(The Center Square) – After a judge told a school district it couldn’t require masks for students without a quarantine order, the district reported fewer COVID-19 cases, but it has faced other consequences.
It comes as a member of the Joint Committee on Administrative Rules said there is further evidence the Illinois State Board of Education can’t revoke a public or private school’s recognition status for failing to follow the governor’s mask mandate.
Attorney Thomas DeVore said since securing a temporary restraining order enjoining the Hillsboro school district from mandating masks on children on Sept. 17, cases have gone down.
“I’m not saying that that’s conclusive, I’m just saying that that is information that suggests that masks on kids in this classroom is something that may not be necessary to prevent the spread,” DeVore said.
Before the TRO, numbers provided by Hillsboro schools show 22 cases in the first week of school. There were 11 cases the following week, then 13 and 11 in subsequent weeks.
In the first week without the mask requirement, after the TRO was issued, five positive cases were reported. Three cases were reported the second week. No staff members reported positive cases during that two-week timeframe.
While acknowledging cases are going down, Hillsboro Superintendent David Powell said there have been other consequences.
“When we were no longer requiring the masks, a lot of our students are not wearing masks, then the close contact tracing radius goes from three feet to six feet so we’re identifying a lot more kids as close contacts,” Powell said. “But also if both students aren’t masked, we lose the option to do the test-to-stay.”
The Test to Stay program allows a student who was in contact with a positive case to avoid a quarantine as long as they are asymptomatic. The student is then tested on days 1, 3, 5, and 7.
Powell said another consequence is some other schools aren’t willing to participate in extracurricular indoor activities with Hillsboro.
While Gov. J.B. Pritzker and ISBE have said they will take actions against schools for not following the mandates, Powell said he hasn’t heard back from ISBE on their recognition status. But other conversations have given him some indication.
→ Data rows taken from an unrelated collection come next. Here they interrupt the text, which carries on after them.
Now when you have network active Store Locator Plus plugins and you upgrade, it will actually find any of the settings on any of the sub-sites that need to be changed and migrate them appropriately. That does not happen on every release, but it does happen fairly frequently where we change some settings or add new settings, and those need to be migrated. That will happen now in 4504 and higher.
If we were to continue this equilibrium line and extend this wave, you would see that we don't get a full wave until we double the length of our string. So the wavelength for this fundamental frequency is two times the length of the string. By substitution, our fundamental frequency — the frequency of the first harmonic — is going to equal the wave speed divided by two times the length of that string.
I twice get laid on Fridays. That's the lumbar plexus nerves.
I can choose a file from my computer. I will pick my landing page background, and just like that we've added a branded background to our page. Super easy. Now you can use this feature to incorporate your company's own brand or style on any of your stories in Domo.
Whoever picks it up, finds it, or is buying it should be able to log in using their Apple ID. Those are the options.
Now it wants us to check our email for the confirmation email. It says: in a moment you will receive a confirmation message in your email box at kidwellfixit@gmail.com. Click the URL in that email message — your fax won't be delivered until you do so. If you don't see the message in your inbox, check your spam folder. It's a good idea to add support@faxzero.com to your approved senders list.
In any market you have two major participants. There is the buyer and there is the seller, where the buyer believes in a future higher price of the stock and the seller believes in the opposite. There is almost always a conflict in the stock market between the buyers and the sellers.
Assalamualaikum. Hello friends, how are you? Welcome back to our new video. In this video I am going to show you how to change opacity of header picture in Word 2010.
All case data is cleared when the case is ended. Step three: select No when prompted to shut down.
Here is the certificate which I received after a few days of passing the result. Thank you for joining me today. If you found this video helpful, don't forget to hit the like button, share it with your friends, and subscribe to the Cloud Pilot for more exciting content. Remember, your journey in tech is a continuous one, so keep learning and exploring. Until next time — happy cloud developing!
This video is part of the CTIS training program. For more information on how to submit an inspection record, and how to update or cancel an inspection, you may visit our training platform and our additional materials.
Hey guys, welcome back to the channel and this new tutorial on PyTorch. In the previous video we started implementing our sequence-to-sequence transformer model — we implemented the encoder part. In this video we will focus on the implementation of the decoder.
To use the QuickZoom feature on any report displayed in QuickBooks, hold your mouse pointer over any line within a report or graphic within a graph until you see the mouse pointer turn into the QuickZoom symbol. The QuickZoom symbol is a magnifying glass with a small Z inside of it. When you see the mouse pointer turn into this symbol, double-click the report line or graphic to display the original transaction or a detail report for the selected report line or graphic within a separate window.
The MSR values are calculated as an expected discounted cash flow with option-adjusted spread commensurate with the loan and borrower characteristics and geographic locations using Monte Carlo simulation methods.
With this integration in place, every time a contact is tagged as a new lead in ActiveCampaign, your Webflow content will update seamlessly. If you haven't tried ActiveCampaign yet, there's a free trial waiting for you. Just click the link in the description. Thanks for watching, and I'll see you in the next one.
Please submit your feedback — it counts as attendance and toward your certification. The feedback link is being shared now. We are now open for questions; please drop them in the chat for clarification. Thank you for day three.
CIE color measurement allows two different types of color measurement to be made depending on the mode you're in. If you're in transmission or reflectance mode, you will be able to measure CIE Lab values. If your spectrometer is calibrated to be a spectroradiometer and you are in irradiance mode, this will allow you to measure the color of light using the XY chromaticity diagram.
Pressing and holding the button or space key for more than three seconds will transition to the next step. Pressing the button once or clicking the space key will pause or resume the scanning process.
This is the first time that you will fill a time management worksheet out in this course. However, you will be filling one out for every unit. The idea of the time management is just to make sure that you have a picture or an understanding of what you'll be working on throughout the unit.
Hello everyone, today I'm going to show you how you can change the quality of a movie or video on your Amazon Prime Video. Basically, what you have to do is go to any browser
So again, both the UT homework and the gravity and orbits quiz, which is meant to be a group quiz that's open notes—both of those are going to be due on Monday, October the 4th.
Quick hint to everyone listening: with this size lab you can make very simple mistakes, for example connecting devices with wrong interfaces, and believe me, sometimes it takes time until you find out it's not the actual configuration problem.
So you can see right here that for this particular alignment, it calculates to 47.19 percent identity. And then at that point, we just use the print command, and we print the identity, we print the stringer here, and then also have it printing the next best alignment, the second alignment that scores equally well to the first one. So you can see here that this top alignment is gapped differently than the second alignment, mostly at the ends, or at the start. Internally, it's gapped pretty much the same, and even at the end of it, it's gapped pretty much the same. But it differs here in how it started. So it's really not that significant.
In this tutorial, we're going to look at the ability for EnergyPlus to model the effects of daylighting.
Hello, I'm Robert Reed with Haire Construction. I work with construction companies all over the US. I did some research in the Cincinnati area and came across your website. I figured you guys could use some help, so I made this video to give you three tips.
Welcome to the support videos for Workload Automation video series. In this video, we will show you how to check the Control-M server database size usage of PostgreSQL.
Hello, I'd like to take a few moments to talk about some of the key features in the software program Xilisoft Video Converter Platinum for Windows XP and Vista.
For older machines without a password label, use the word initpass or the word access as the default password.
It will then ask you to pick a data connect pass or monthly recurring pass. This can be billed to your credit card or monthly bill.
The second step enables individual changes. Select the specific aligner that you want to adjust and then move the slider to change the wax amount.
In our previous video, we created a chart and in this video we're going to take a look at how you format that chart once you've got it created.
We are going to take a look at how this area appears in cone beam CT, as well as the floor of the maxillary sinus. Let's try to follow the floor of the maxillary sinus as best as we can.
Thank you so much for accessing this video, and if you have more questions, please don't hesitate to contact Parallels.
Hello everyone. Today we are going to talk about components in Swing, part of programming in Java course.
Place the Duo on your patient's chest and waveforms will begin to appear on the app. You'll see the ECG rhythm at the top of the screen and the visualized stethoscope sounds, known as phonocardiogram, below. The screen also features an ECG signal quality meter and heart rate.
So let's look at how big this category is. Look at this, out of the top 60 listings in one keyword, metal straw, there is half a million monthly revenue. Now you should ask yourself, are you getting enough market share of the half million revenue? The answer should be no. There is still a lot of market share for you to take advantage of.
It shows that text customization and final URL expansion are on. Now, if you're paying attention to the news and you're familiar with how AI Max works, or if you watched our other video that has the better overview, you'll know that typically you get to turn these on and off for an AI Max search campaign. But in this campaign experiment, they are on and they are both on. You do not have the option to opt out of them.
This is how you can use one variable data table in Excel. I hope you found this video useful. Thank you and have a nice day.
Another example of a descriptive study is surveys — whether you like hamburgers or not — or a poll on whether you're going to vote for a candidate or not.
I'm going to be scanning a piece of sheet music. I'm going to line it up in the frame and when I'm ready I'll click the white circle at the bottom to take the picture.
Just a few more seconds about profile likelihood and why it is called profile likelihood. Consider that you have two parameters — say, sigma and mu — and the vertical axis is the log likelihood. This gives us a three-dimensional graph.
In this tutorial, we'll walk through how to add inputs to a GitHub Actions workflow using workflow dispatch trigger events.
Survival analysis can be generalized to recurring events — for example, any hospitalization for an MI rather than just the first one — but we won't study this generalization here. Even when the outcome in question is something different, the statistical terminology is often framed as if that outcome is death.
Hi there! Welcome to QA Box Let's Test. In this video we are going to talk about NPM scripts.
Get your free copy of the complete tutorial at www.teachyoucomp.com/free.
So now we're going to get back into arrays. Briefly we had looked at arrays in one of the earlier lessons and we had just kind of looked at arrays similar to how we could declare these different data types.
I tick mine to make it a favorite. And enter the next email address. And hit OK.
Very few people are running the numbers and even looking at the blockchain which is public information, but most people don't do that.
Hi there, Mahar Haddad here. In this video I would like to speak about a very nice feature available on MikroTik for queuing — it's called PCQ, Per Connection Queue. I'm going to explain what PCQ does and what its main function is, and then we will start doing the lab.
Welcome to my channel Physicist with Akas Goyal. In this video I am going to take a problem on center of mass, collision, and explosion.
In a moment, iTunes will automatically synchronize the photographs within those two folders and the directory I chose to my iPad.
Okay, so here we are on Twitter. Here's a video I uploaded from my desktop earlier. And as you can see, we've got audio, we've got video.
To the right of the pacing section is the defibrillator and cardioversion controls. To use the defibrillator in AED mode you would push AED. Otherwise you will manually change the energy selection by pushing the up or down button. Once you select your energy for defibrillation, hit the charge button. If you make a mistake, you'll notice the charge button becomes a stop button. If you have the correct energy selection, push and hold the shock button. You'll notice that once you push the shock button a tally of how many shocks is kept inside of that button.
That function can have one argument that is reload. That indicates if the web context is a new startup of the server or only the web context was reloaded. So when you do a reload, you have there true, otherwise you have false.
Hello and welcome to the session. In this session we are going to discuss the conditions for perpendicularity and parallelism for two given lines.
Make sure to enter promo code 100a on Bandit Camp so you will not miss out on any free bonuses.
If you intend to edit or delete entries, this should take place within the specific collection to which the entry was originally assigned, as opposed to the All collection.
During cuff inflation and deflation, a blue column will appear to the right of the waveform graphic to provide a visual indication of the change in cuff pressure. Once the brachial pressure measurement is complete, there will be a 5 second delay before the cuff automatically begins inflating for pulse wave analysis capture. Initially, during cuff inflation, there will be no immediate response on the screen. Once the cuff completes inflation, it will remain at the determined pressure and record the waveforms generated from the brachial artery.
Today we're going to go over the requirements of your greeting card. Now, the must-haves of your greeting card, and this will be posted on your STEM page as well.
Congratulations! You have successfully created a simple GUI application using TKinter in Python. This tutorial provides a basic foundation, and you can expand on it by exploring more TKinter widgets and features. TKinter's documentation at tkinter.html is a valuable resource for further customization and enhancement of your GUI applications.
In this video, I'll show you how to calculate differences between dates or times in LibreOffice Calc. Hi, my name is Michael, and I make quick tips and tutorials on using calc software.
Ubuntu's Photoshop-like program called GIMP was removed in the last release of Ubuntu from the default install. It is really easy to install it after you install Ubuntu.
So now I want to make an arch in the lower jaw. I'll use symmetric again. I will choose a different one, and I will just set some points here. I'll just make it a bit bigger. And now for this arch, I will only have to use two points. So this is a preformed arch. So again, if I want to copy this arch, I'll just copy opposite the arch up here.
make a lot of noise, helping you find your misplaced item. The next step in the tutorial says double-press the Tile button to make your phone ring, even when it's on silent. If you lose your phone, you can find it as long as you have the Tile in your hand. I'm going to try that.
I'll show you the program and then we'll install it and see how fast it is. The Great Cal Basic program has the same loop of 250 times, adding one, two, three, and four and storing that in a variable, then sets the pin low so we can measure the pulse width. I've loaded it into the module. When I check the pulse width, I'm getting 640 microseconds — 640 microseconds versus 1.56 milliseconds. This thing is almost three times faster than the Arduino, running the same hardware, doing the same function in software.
“As long as the district is not requiring the masks in response to a court order that there wouldn’t be any sanctions placed against the district from the state board in regards to recognition, funding, any of those things,” Powell said.
But, ISBE Thursday listed four public schools districts as on probation. Hillsboro is not one of those.
There are eight nonpublic schools listed as non-recognized. Parkview Christian Academy, a private school, had its recognition instantly revoked for not having a mask mandate in place. But the school secured its recognition through the courts on Wednesday. ISBE lists that on the agency’s spreadsheet.
State Sen. Don DeWitt, R-St. Charles, said it is further evidence ISBE can’t enforce what agency officials think they can.
“We have said all along that this issue is not about masks, this issue is not about vaccinations, this issue is about overreach from the governor’s office, through ISBE,” DeWitte said.
DeWitte, a member of JCAR, said the judge in the Parkview case highlighted how public schools have due process when it comes to being sanctioned by ISBE, but private schools do not, and that’s wrong.
ISBE didn’t return messages seeking comment.